How should I scrape all <em> tag innertexts within a <ul> and make them into a pandas dataframe?

March 18, 2022

I am currently trying to scrape the information I want from a website.

The information that I want is contained within a ul>li>em. I have scraped tables before, but I have never scraped lists.

How should I scrape the information I want?

In addition, I want to know if there is a way to make all the innertexts in <em> and put them in a dataframe.
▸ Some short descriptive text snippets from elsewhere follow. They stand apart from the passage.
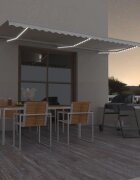 vidaXL Автоматичен сенник LED и сензор за вятър 600x300 см кремав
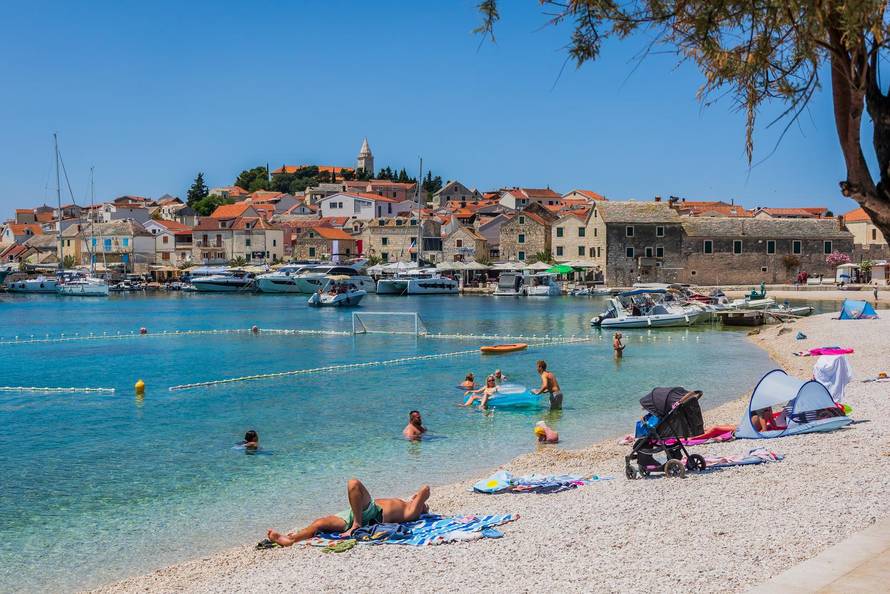 Ljetni dan u Primoštenu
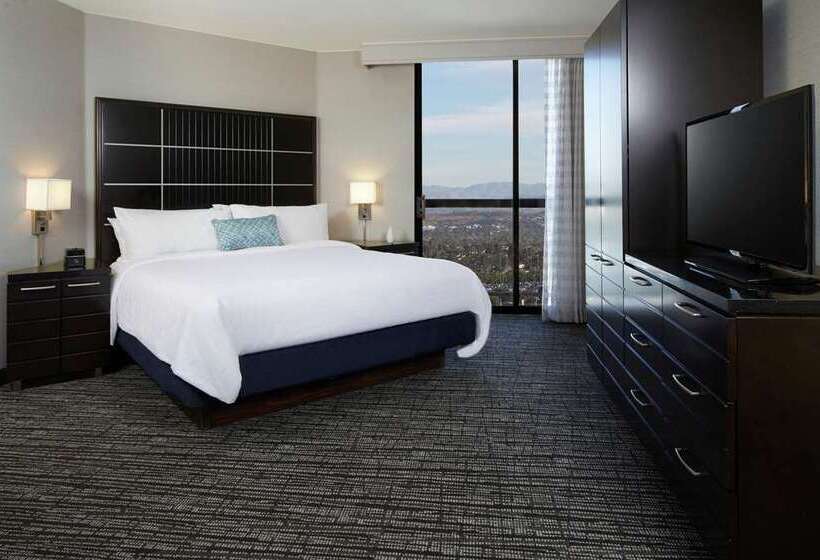 스위트 킹사이즈 침대, Embassy Suites By Hilton Raleigh Durham Airport Brier Creek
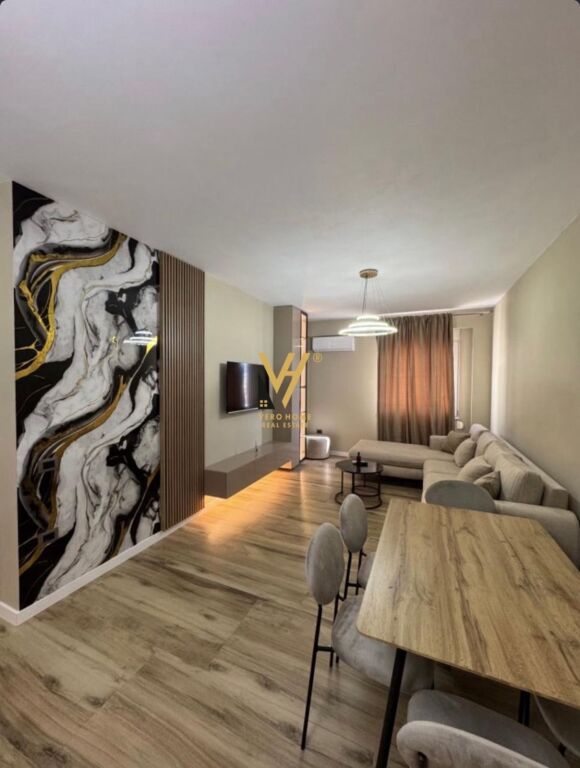 JEPET APARTAMENT 1+1+BLK ME QIRA TE RRUGA NDRE MJEDA 70.000 LEKE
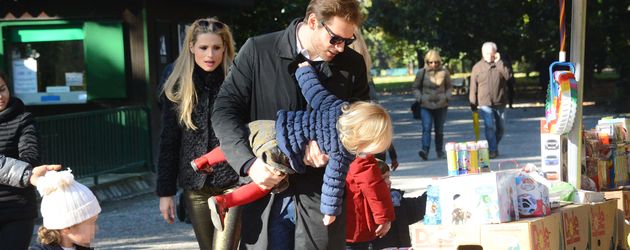 Michelle Hunziker, Tomaso Trussardi mit Celeste und Sole in einem Park in Mailand Michelle Hunziker, Tomaso Trussardi mit Celeste und Sole in einem Park in Mailand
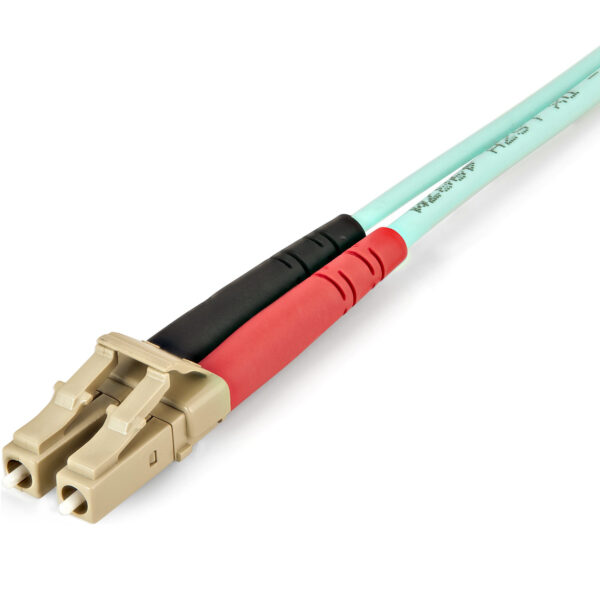 a891dae61a7d9cc3be121f7778dd0465.jpg StarTech.com 1m (3ft) LC/UPC to LC/UPC OM4 Multimode Fiber Optic Cable, 50/125µm LOMMF/VCSEL Zipcord Fiber, 100G, Low Insertion Loss - LSZH Fiber Jumper Cord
The <ul> basically looks like this.

<ul class="reportData">
        <li><em>2015-12-28</em></li>
        <li><em>2015-12-28</em></li>

                   ......

        <li><em>2015-12-28</em></li>
        <li><em>2015-12-28</em></li>
        <li><em>2015-12-28</em></li>
</ul>

>Solution :

Just select your <ul> and use in this case stripped_strings to get all text in a list:

data = soup.select_one('ul.reportData').stripped_strings

or more specific with list comprehensionfrom all em

data = [e.text for e in soup.select('ul.reportData em')]

Example

import pandas as pd
from bs4 import BeautifulSoup

html='''
<ul class="reportData">
        <li><em>2015-12-28</em></li>
        <li><em>2015-12-28</em></li>
        <li><em>2015-12-28</em></li>
        <li><em>2015-12-28</em></li>
        <li><em>2015-12-28</em></li>
</ul>
'''

soup = BeautifulSoup(html)

data = soup.select_one('ul.reportData').stripped_strings

pd.DataFrame(data, columns=['date'])